Task:
The required output is the exact run of lines from the one that contains "美品 シルバー925 キーチェーン クリップ 山下智久 - メルカリ" to the end of the data, with every picture left out.

--- START ---

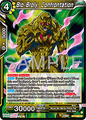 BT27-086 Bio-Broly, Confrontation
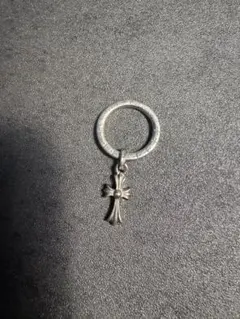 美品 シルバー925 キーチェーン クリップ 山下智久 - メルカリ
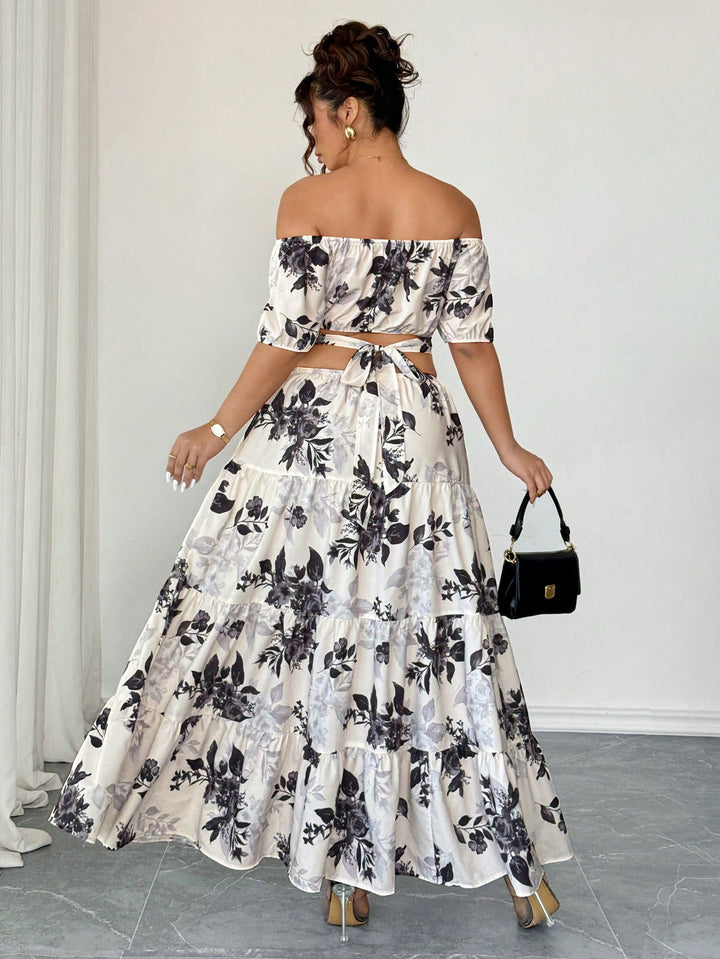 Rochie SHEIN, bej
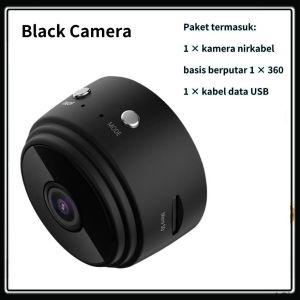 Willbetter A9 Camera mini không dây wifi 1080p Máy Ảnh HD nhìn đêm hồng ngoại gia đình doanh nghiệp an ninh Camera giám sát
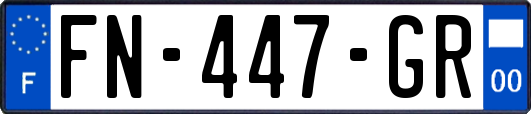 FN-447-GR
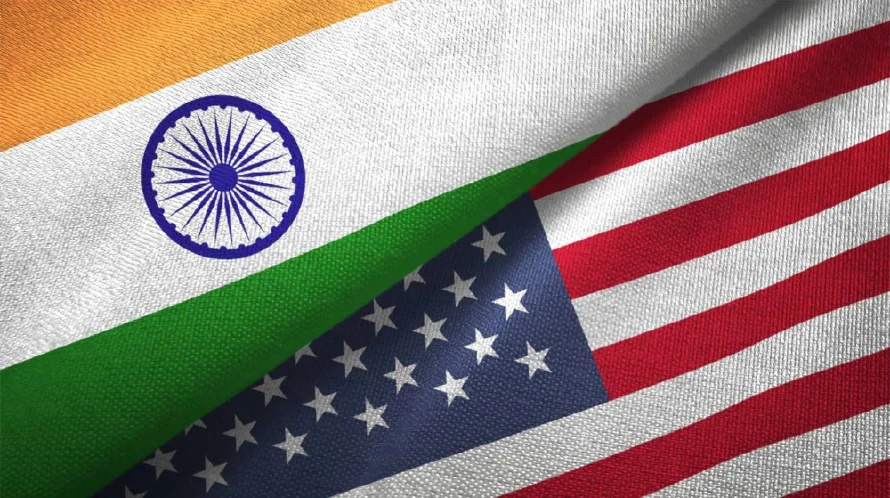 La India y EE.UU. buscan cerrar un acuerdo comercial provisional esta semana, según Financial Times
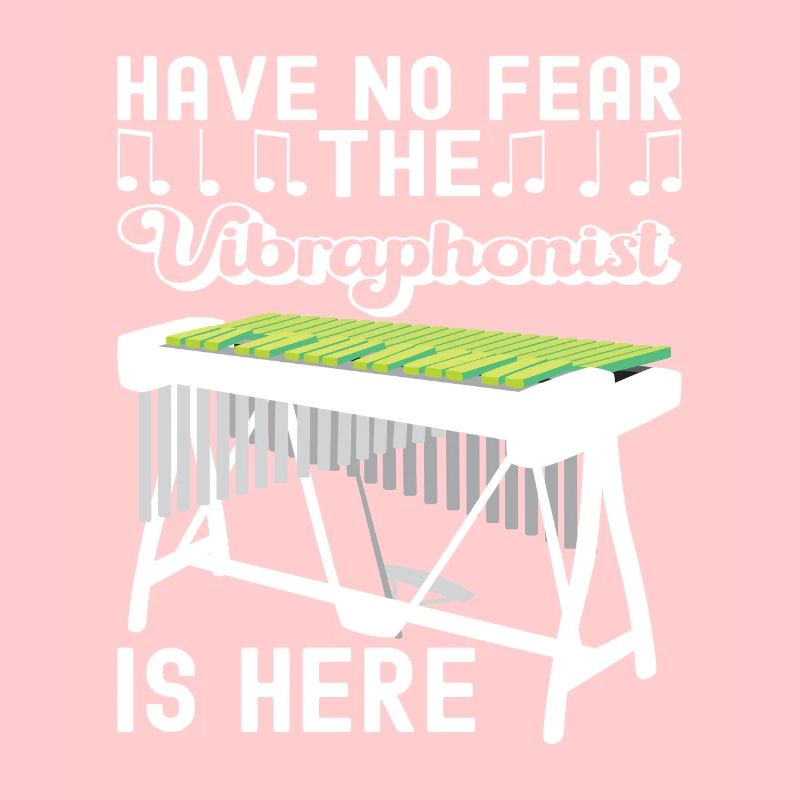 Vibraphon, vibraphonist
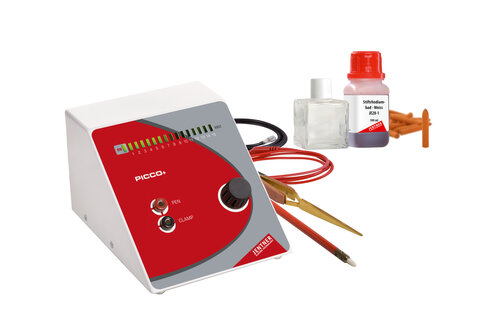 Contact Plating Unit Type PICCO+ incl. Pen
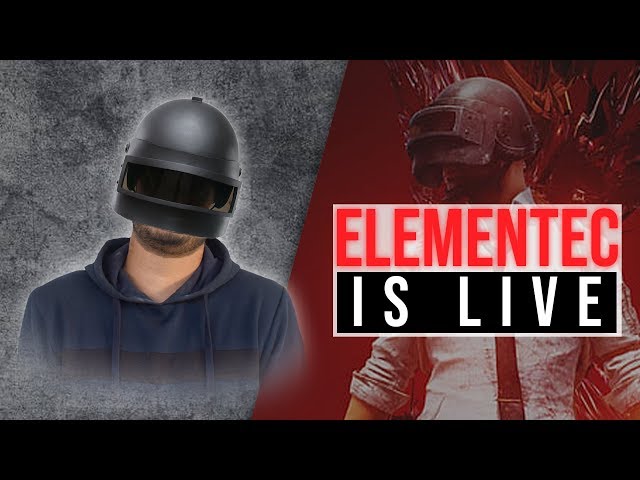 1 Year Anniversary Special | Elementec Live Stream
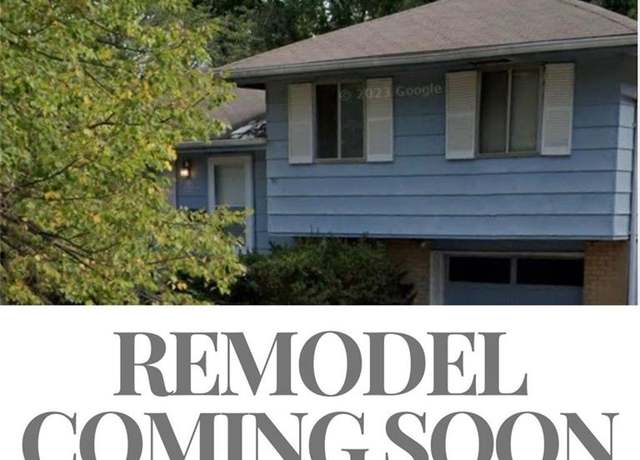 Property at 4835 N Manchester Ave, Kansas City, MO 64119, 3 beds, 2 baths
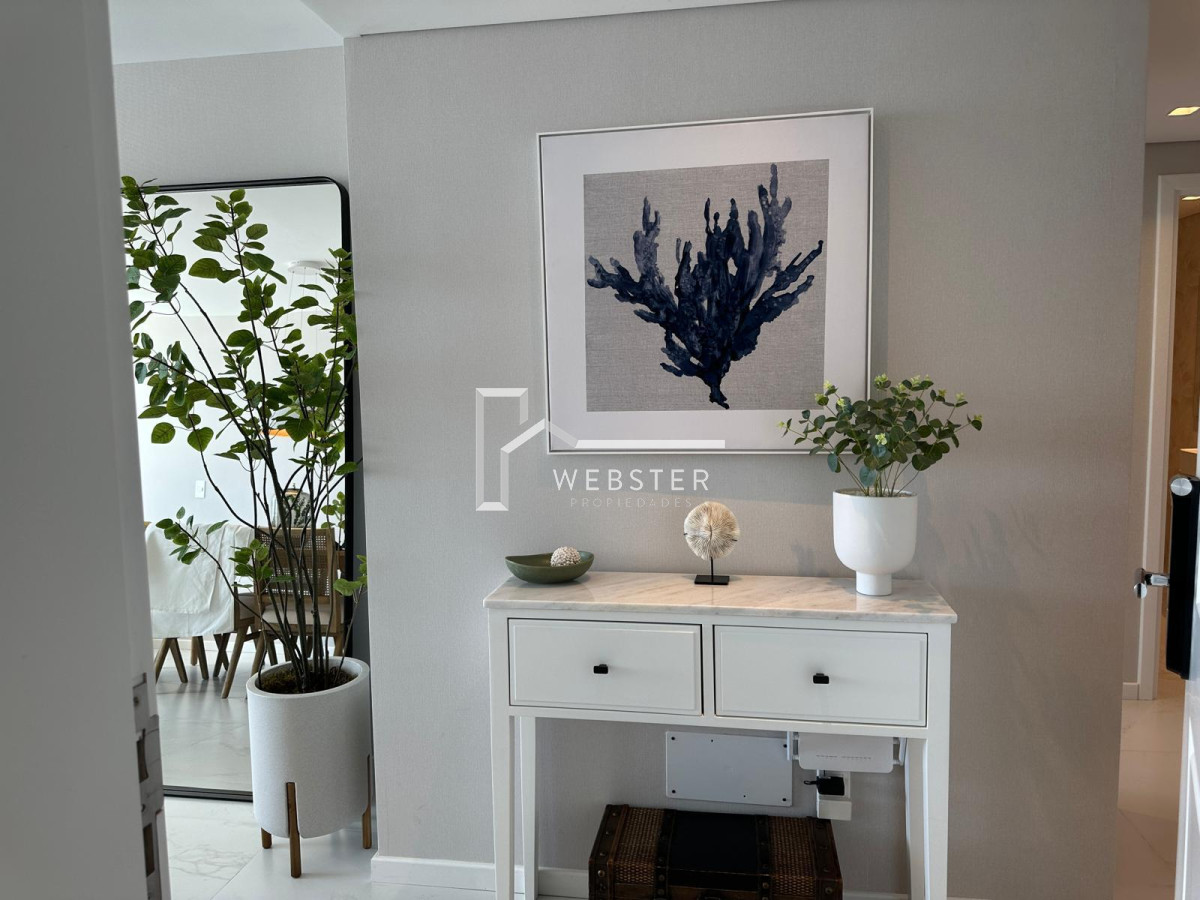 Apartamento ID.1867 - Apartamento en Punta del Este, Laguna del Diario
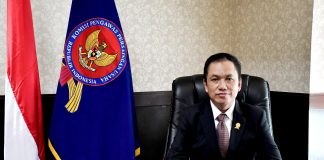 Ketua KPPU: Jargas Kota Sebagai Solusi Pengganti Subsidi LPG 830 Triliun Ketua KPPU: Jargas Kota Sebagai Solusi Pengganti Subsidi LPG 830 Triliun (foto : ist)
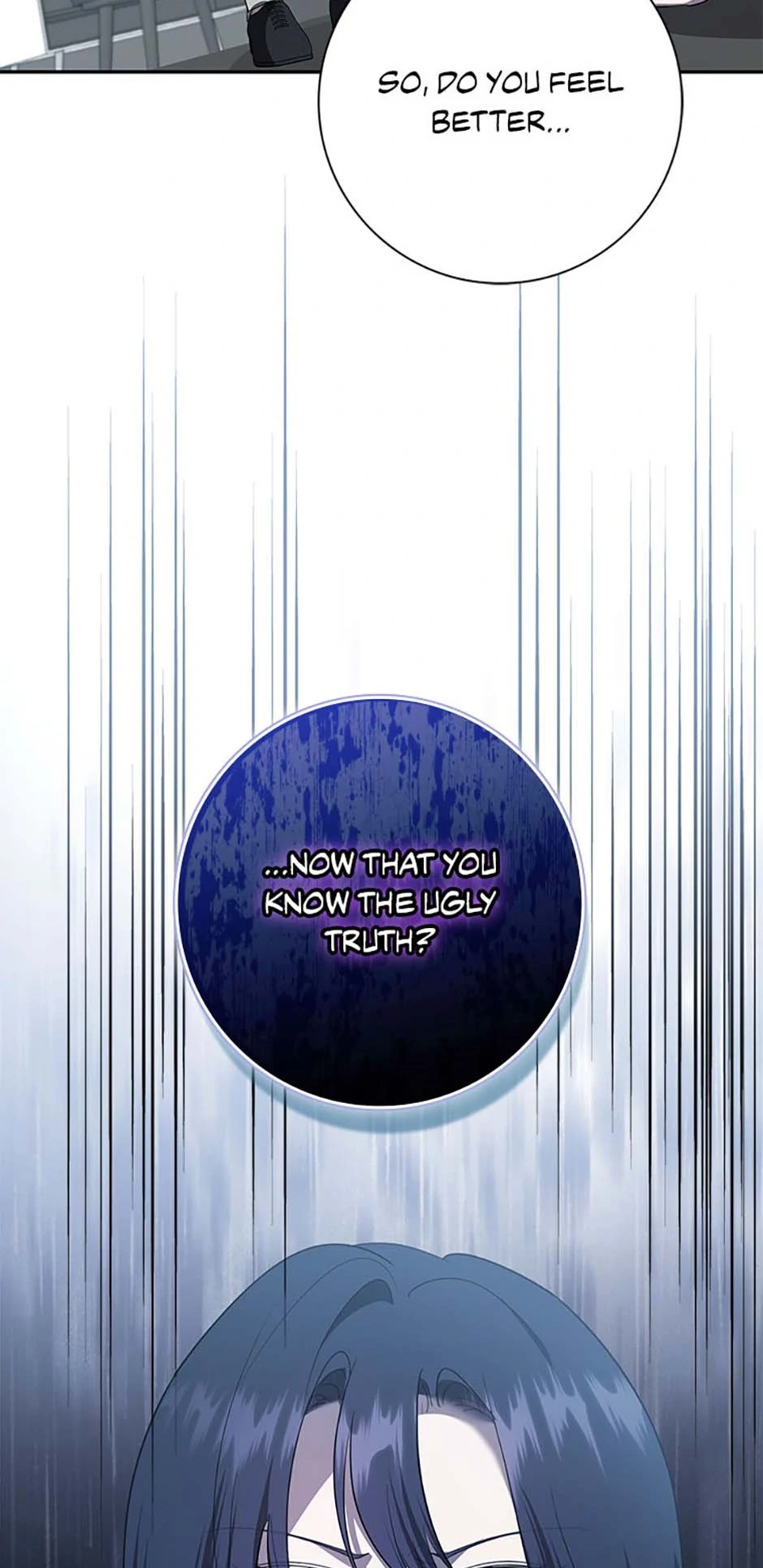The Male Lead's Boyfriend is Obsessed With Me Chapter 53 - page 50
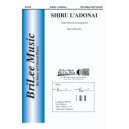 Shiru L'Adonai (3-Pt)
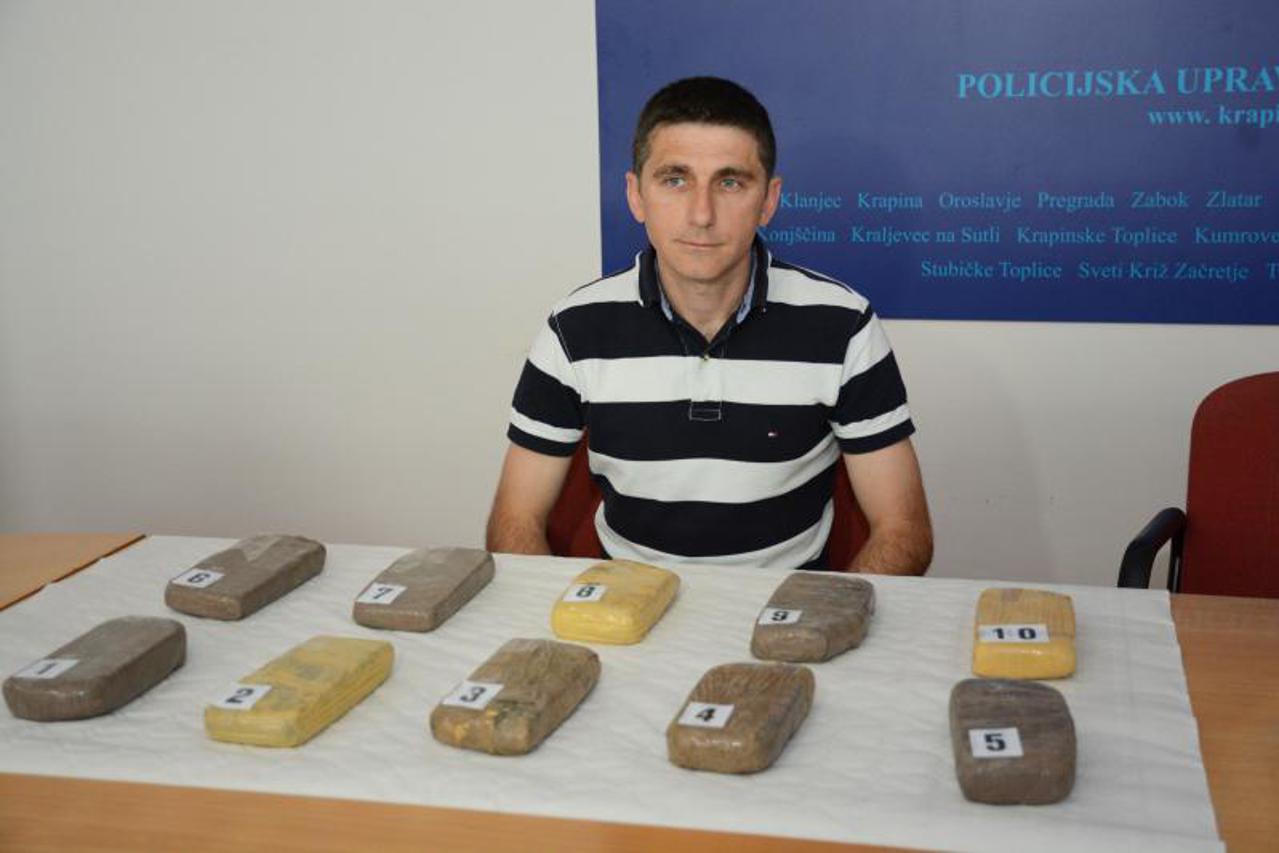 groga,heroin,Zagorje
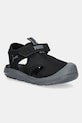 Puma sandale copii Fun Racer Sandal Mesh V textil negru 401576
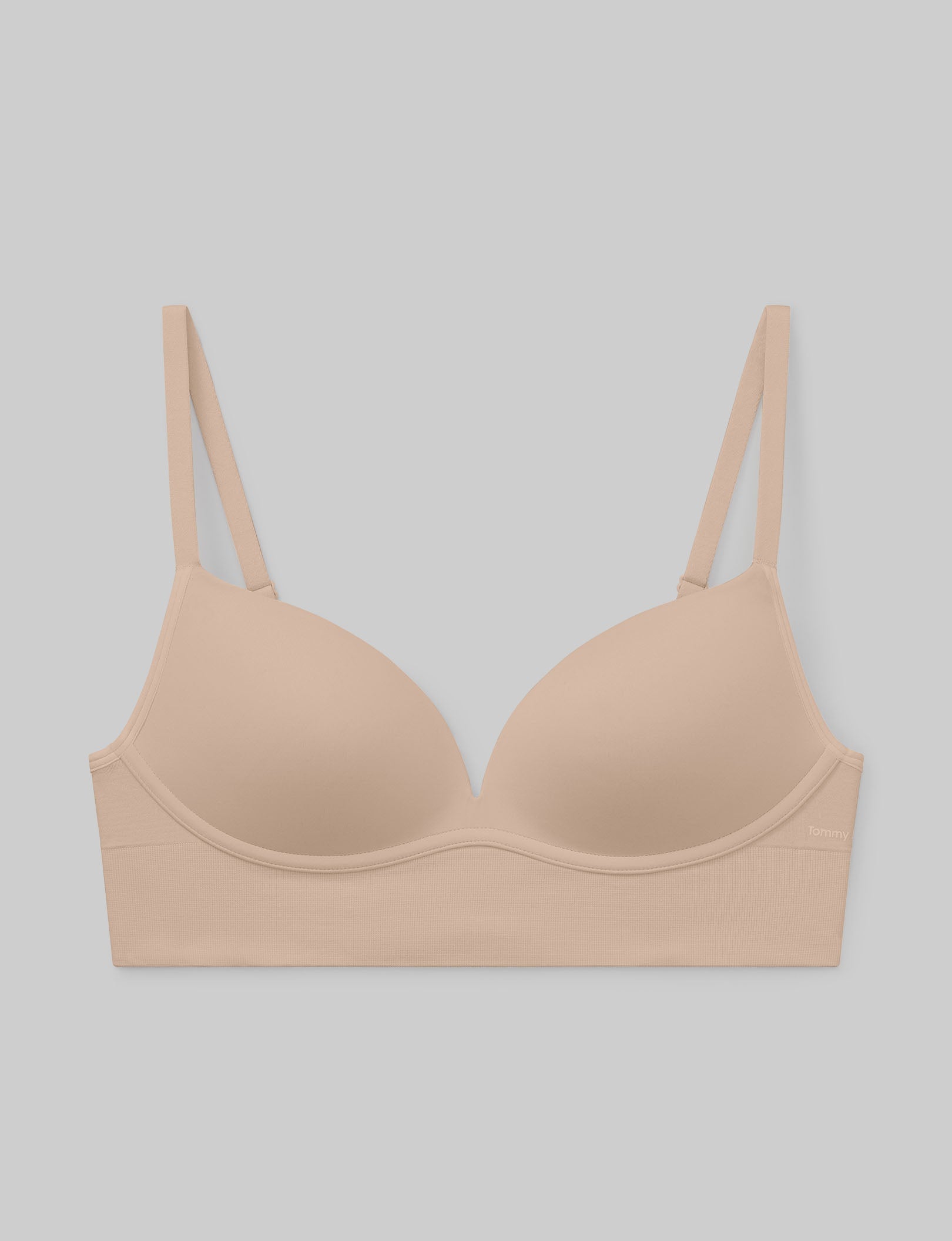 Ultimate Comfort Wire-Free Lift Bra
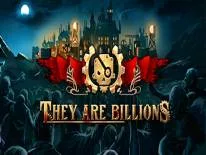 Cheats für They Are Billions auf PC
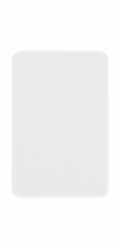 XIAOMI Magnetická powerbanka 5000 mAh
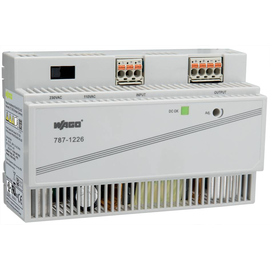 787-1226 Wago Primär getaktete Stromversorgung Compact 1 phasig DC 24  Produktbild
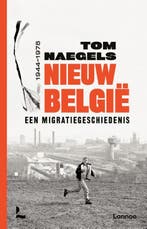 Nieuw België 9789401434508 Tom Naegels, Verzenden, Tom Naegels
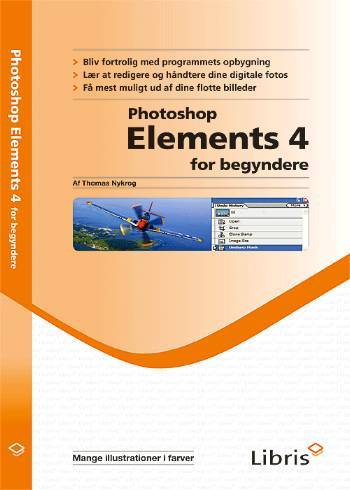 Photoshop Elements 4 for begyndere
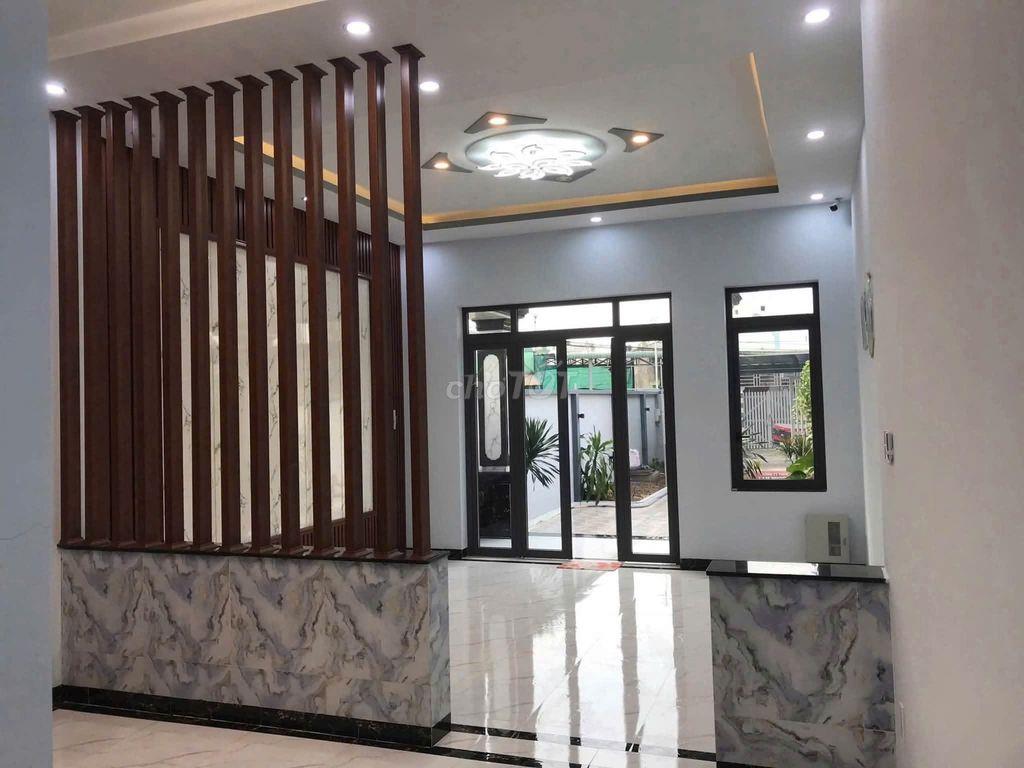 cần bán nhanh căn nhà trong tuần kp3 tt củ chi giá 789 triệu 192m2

--- END ---

Solution:
 美品 シルバー925 キーチェーン クリップ 山下智久 - メルカリ
 Rochie SHEIN, bej
 Willbetter A9 Camera mini không dây wifi 1080p Máy Ảnh HD nhìn đêm hồng ngoại gia đình doanh nghiệp an ninh Camera giám sát
 FN-447-GR
 La India y EE.UU. buscan cerrar un acuerdo comercial provisional esta semana, según Financial Times
 Vibraphon, vibraphonist
 Contact Plating Unit Type PICCO+ incl. Pen
 1 Year Anniversary Special | Elementec Live Stream
 Property at 4835 N Manchester Ave, Kansas City, MO 64119, 3 beds, 2 baths
 Apartamento ID.1867 - Apartamento en Punta del Este, Laguna del Diario
 Ketua KPPU: Jargas Kota Sebagai Solusi Pengganti Subsidi LPG 830 Triliun Ketua KPPU: Jargas Kota Sebagai Solusi Pengganti Subsidi LPG 830 Triliun (foto : ist)
The Male Lead's Boyfriend is Obsessed With Me Chapter 53 - page 50
 Shiru L'Adonai (3-Pt)
 groga,heroin,Zagorje
 Puma sandale copii Fun Racer Sandal Mesh V textil negru 401576
 Ultimate Comfort Wire-Free Lift Bra
 Cheats für They Are Billions auf PC
 XIAOMI Magnetická powerbanka 5000 mAh
 787-1226 Wago Primär getaktete Stromversorgung Compact 1 phasig DC 24  Produktbild
 Nieuw België 9789401434508 Tom Naegels, Verzenden, Tom Naegels
 Photoshop Elements 4 for begyndere
 cần bán nhanh căn nhà trong tuần kp3 tt củ chi giá 789 triệu 192m2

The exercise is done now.